The union has mounted three previous one-day strikes this year, but Wednesday’s was the largest. It involved about 25,000 BCGEU members and about 2,000 from two other government unions.
The BCGEU said it was a ramped-up attempt to get the provincial government back to the bargaining table after the province, on July 3, rescinded its wage increase offer of 3.5 per cent over two years.
Union president Darryl Walker saw reason for optimism after acting finance minister Shirley Bond said on a radio show Wednesday that she would like to resume negotiating.
“There’s probably a collective agreement just around the corner,” Walker said. The union plans to contact the province today.
Bond maintained on CKNW that it was the union that walked away from the table.
She called 3.5 per cent over two years a fair offer.
The government rescinded its offer after some union members walked off the job.
Bond said she hopes the strike has kickstarted the union’s desire to resume negotiations. “We’re willing to talk.”
“Let’s have this discussion and let’s try to find a way to give your members a reasonable and modest wage increase,” said Bond. Most B.C. residents would not find $1,700 over two years on an average wage of $48,000 “an insignificant amount.”
Standing with some of 700 striking workers outside Ministry of Health offices at Blanshard Street and Pandora Avenue, union chief negotiator David Vipond said: “We cannot settle if they don’t make an offer.”

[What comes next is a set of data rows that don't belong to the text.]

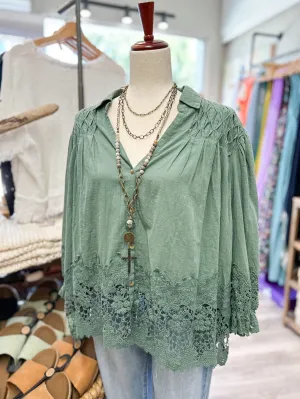 Gathered Up Jaded Gypsy Top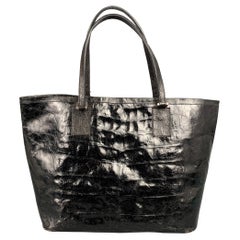 REYNA ICAZA Montecito Black Leather Alligator Tote Handbag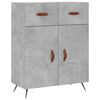 vidaXL Sideboard Concrete Grey 69,5x34x90 cm Engineered Wood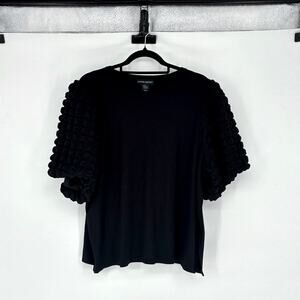 Cynthia Rowley Women's Black Textured Puff Sleeve Cropped Top - Plus Size 1X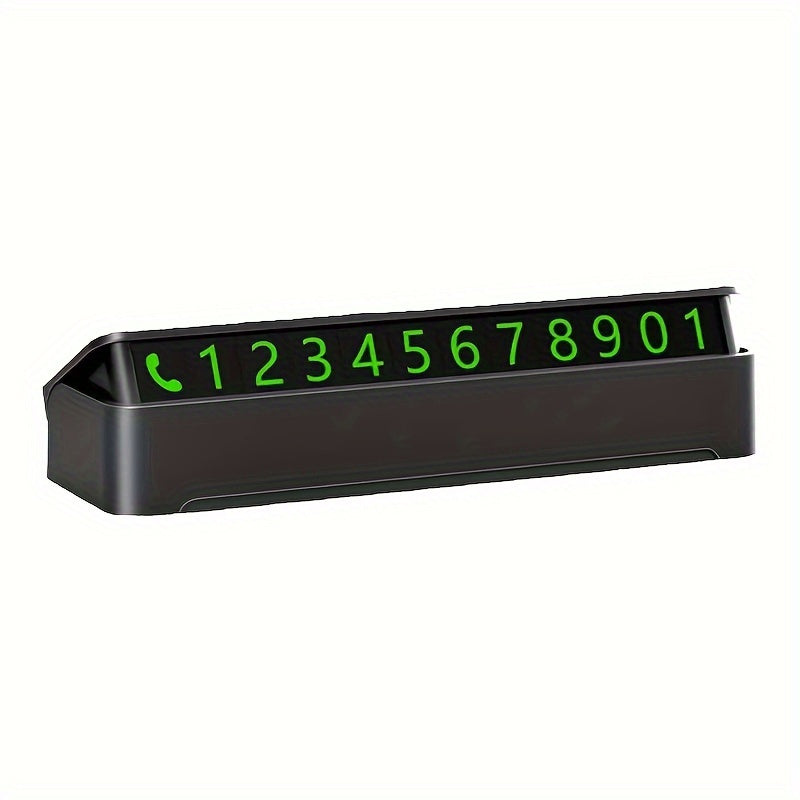 Temporary car parking phone number sign: Decorative plastic accessory for mobile phone with movable card for car interior.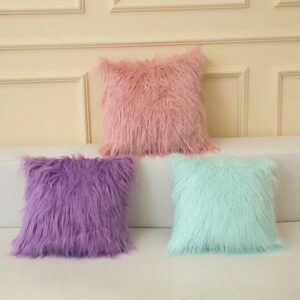 Decorative Sofa Long Faux Fur Throw Pillow Cover Solid Color Soft Mongolian Fur Pillow Cushion Cases - Image 3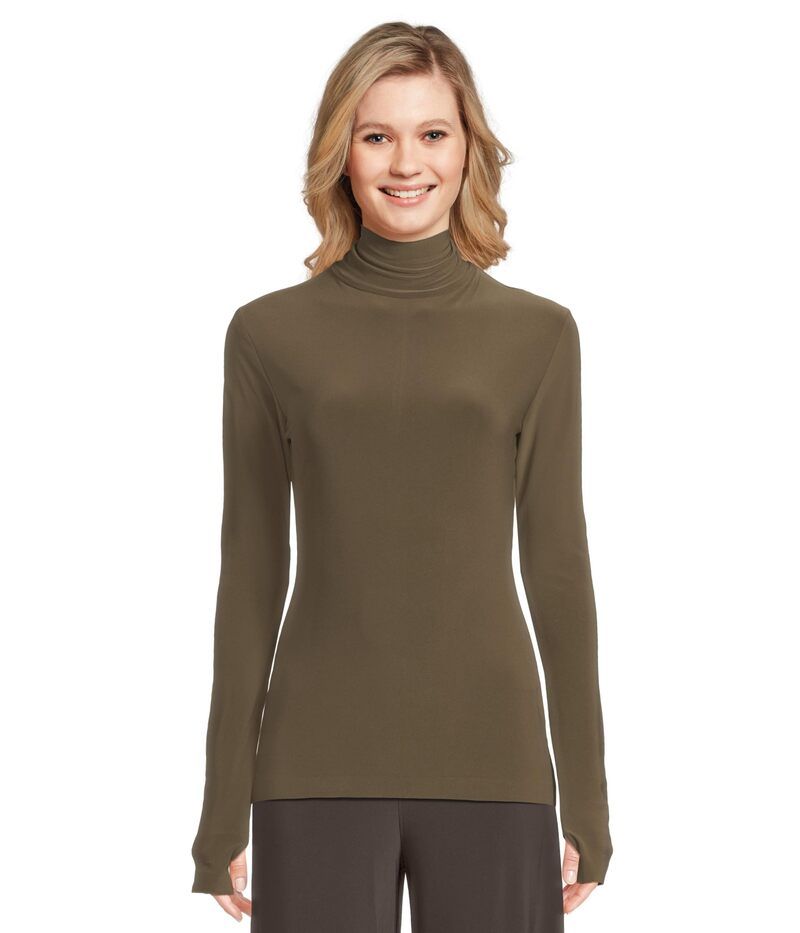 ノーマカマリ レディース アウター ニット・セーター スリムフィット Norma Kamali Slim Fit Long Sleeve Turtle Top Bark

Members want 3.5 per cent for the first year and a cost of living increase of about two per cent for the second. The increase, costing $66 million annually, could be more than covered if the government would approve Sunday opening of all provincial liquor stores, longer hours on weekdays and a few more stores, union leaders say.
Vipond called the stalemate a part of “peekaboo bargaining,” saying the province took its offer off the table three times when the union didn’t bite within a week.
Wage rates range from about $16 hourly for a labourer up to $75,000 annually for the highest paid BCGEU members such as senior economists. Most of the staff at the Health Ministry earn between $30,000 and $40,000 per year, said union zone captain Ron Jetko.
The union’s last raise was two per cent in April 2009, followed by a two-year wage freeze, which Vipond said the province wanted to extend for another three months. “Since the contract expired on April 1, 2010, we’ve lost about 5.5 per cent of our income to inflation.”
The closing of government liquor stores was the most publicly visible part of the walkout.
B.C. Mail workers, who deliver internal government mail, were also on strike, but issuing of social assistance payments was not affected.
In talking to union members at 50 or 60 sites, Walker said heard of no problems.
About a third of the union’s membership was at work because of health, safety and public welfare concerns.
ICBC insurance and licensing offices were open because of a B.C. Labour Board ruling.
“Our dispute is not with the people of B.C. — it’s a pay claim with the government,” Vipond said.
About 25,000 BCGEU members were on strike, joined by about 2,000 from the Professional Employees Association and the Canadian Office and Professional Employees Union.
If the province doesn’t come back to the table, the union will have to consider “more enduring” means, Vipond said, without providing specifics.